REQUIRED WORK:
Output every line below exactly, please, omitting pictures.

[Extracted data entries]

□ □ □ □ □

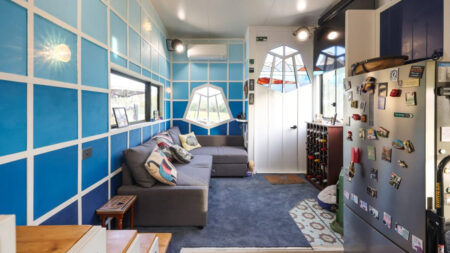 Theater Artist DIYs Dream Storybook Tiny House With Rooftop Deck and Wonderfully Whimscial Interior Aynslie's Tiny House has pretty whimsical windows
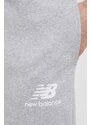 Tepláky New Balance MP31539AG-9AG, šedá farba, s potlačou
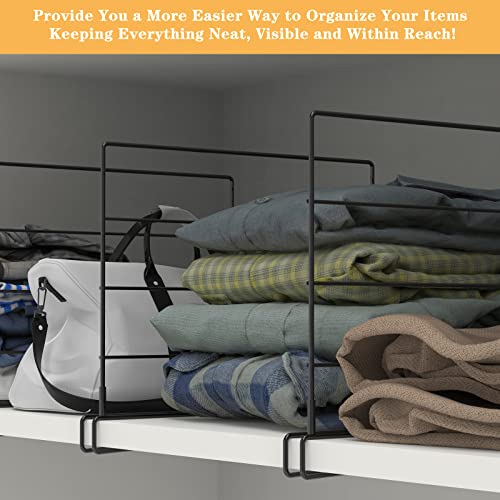 Sunexinlo Shelf Dividers,12 Pcs Black Wire Shelf Wood Closet Organizers And Storage For Bedroom #TOP4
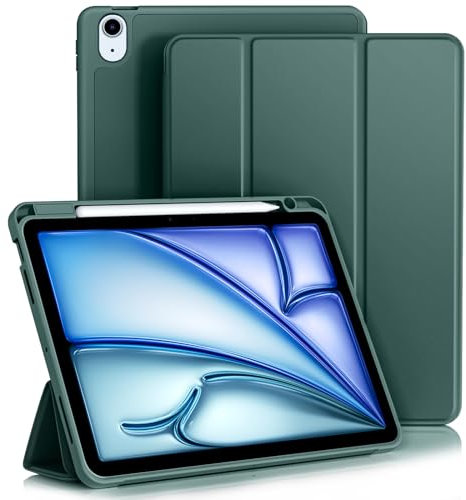Vobafe Hülle für iPad Air 11 Zoll 2025/2024 M3/M2, iPad Air 5 4 Generation(2022/2020, 10,9 Zoll,5./4.), Flexibler TPU-Rückdecke mit mit Stifthalter, Auto Schlafen/Wachen, Kiefern Grün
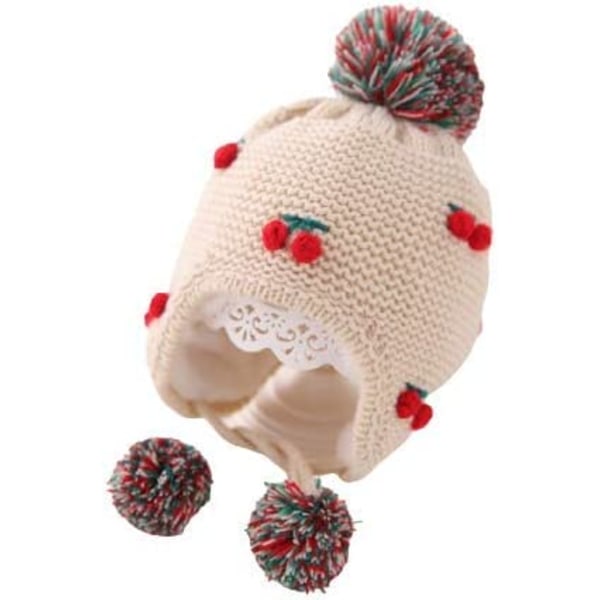 Baby småbarn jente strikk vinter lue | Fleeceforet | Kirsebær og Pom Pom detaljer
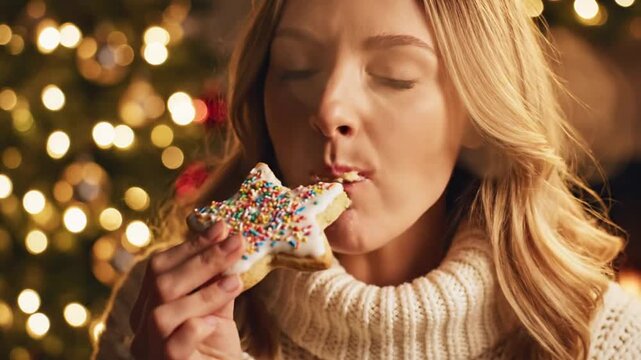 Festive Delight - Woman Enjoys Christmas Cookie by Twinkling Tree.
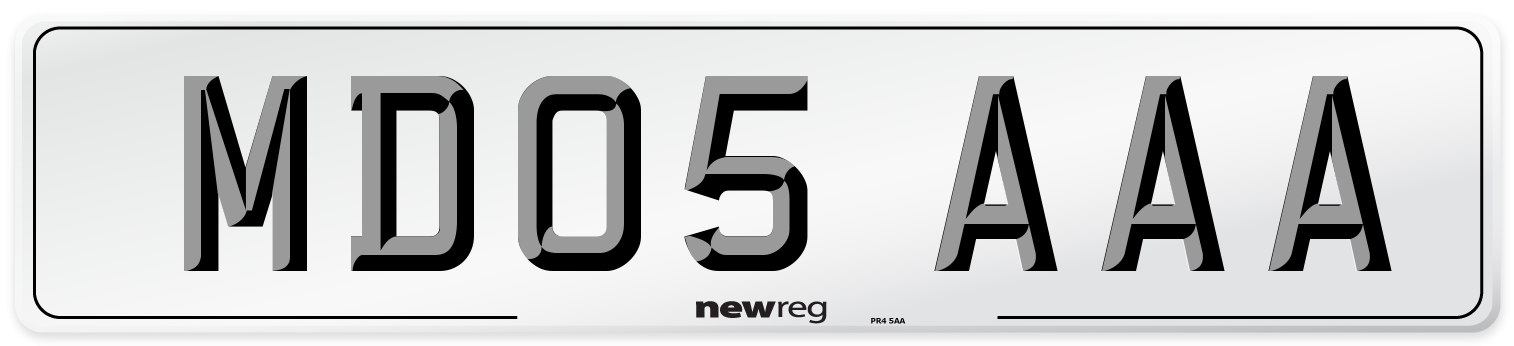 MD05 AAA Number Plate from New Reg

□ □ □ □ □

TASK OUTPUT:
 Theater Artist DIYs Dream Storybook Tiny House With Rooftop Deck and Wonderfully Whimscial Interior Aynslie's Tiny House has pretty whimsical windows
 Tepláky New Balance MP31539AG-9AG, šedá farba, s potlačou
 Sunexinlo Shelf Dividers,12 Pcs Black Wire Shelf Wood Closet Organizers And Storage For Bedroom #TOP4
Vobafe Hülle für iPad Air 11 Zoll 2025/2024 M3/M2, iPad Air 5 4 Generation(2022/2020, 10,9 Zoll,5./4.), Flexibler TPU-Rückdecke mit mit Stifthalter, Auto Schlafen/Wachen, Kiefern Grün
 Baby småbarn jente strikk vinter lue | Fleeceforet | Kirsebær og Pom Pom detaljer
 Festive Delight - Woman Enjoys Christmas Cookie by Twinkling Tree.
 MD05 AAA Number Plate from New Reg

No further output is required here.